Parents, enseignants, habitants des environs et élus se sont réunis pour décider ensemble de l'impact positif qu'ils souhaitaient que l'école ait sur ses occupants, sur le village et sur l'environnement. Au cours des ateliers, nous avons formé les personnes à l'économie circulaire en montrant ce qu'il était possible de faire puis nous les avons incitées à s'exprimer. C'est très inspirant car nous n'étions pas dans une logique « il ne faut pas faire comme ça » mais bien « on pourrait faire comme ça ». La maîtrise d'ouvrage doit s'appuyer sur cette feuille de route positive pour en faire un cahier des charges. C'est un travail très participatif !
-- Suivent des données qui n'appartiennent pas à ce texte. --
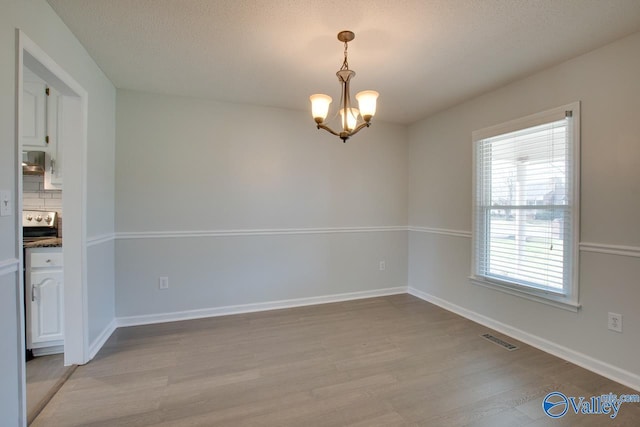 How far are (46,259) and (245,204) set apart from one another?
1.76 meters

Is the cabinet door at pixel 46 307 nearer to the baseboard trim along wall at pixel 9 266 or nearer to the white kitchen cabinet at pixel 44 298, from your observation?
the white kitchen cabinet at pixel 44 298

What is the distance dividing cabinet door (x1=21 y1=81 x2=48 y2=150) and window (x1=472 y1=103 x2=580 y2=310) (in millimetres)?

Est-on encore dans la logique de développement durable ?
Il y a deux notions de développement durable. La première est large et réfléchit à la question de la durabilité et de la résilience. C'est la bonne approche, mais ce n'est pas celle qui domine. L'autre approche consiste à dire qu'il faut ralentir et réduire nos impacts. Mais cela ne nous empêche pas de continuer à aller droit dans le mur, elle n'implique pas de changement de direction. De plus, je trouve que c'est une vision très négative : finalement, le discours actuel du développement durable nous explique qu'il faut réduire notre impact sur Terre, autrement dit nous agissons forcément mal et nous ne sommes pas vraiment les bienvenus… Je ne pense pas que ce soit le message à transmettre aux jeunes générations. Actuellement, on a dévié dans notre façon de produire. Mais en éco-concevant bien nos produits et en en ayant un bon usage on peut très bien rentrer dans un cycle vertueux où on ne dégrade plus la planète mais on la regénère. Quand on commence à transmettre ça dans discours et actes, c'est très positif.
Il faut donc revoir notre lien avec la nature ?
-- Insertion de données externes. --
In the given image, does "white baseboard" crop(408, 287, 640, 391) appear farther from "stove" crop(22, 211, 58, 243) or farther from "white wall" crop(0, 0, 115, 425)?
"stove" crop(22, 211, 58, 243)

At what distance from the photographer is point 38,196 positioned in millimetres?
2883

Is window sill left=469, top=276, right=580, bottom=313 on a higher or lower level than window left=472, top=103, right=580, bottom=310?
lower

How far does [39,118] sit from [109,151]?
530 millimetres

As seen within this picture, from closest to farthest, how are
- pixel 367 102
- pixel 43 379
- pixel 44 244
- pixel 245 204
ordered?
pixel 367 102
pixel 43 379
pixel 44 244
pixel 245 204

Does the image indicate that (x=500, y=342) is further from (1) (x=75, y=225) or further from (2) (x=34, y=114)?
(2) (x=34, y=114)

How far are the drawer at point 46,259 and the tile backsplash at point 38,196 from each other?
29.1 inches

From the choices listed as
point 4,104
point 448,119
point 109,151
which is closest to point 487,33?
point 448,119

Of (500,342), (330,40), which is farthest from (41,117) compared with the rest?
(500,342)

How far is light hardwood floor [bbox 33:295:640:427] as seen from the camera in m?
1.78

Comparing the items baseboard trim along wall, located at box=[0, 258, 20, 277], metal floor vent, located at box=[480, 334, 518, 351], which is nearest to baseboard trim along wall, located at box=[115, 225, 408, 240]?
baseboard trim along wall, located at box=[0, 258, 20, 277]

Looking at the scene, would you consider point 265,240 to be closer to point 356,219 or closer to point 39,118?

Oui, on en a eu peur, on l'a domestiquée et maintenant, on la spolie, au bénéfice de notre espèce mais au détriment de toutes les autres. Quand on a commencé à dominer la nature, on s'en est coupé. Retrouvons notre place dans la nature, cela nous ouvrira les yeux sur ce que nous devons changer… Il y a beaucoup à faire, mais il ne faut pas prendre peur, au contraire, c'est très motivant.
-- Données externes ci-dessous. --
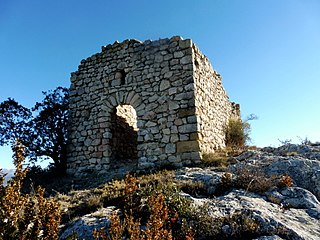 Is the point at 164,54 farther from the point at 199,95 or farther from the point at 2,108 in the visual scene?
the point at 2,108

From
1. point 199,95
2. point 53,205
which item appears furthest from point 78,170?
point 53,205

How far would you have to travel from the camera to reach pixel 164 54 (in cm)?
888

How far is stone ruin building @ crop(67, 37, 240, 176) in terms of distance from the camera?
8148 mm

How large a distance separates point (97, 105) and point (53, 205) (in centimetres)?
713

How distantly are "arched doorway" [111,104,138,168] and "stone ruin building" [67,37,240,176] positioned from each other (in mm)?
34

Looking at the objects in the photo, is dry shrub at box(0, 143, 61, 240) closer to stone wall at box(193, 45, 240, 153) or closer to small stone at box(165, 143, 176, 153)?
small stone at box(165, 143, 176, 153)

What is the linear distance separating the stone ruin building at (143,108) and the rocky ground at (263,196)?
1433 millimetres

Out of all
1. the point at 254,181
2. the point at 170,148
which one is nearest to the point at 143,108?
the point at 170,148

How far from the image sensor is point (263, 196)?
17.0ft

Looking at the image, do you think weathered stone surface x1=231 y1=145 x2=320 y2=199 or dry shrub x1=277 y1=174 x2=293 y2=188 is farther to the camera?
weathered stone surface x1=231 y1=145 x2=320 y2=199

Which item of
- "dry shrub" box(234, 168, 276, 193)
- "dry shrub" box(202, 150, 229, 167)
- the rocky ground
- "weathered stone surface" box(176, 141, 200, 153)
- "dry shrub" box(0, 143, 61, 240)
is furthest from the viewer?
"weathered stone surface" box(176, 141, 200, 153)

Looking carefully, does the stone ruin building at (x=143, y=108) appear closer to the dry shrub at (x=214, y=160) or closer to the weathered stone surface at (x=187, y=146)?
the weathered stone surface at (x=187, y=146)

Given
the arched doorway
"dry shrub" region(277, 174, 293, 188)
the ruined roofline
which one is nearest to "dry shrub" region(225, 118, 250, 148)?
the ruined roofline

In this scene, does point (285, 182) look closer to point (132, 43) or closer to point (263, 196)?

Finalement, le C2C est une logique totalement positive…
Ca ne peut pas être autrement ! En France, on est habitué à avoir et gérer des problèmes. A l'école, la notation part du principe que ce devrait être parfait et pénalise nos erreurs, alors que dans d'autres systèmes scolaires, on construit la note à partir de ce qui est acquis. Avec le C2C, on change de logiciel ! C'est une logique de solution : on a un problème, on veut le résoudre avec des innovations positives que l'on se fixe, par exemple s'assurer de la non-tocixité du papier au cours de ses différentes vies en prévision de son retour à la Terre par le compostage. L'impact du C2C est positif d'un point de vue social, économique et environnemental. Il faut diffuser les bonnes idées et les bonnes pratiques. On ne peut pas ne pas consommer, par contre, on peut choisir ce que l'on veut consommer.
Pour aller plus loin :
La C2C Community
EPEA Paris
L'experte : Co-fondatrice d’Integral Vision en 2007, puis d’EPEA Paris en 2011, Christine Guinebretière est conférencière et consultante, experte en Cradle to Cradle®, éco-innovation, intelligence collective et en systèmes alternatifs de gouvernance comme la Sophocratie. Elle s'appuie sur ses 20 années de management en grandes entreprises et son expérience de technologies et philosophies d'avant garde pour aider les managers à se transformer et les organisations à évoluer.
Christine Guinebretière est également membre de l’Institut de l’Economie Circulaire, experte dans le réseau APM (Association pour le Progrès du Management) et membre du board du Forum International de l’évolution de la conscience.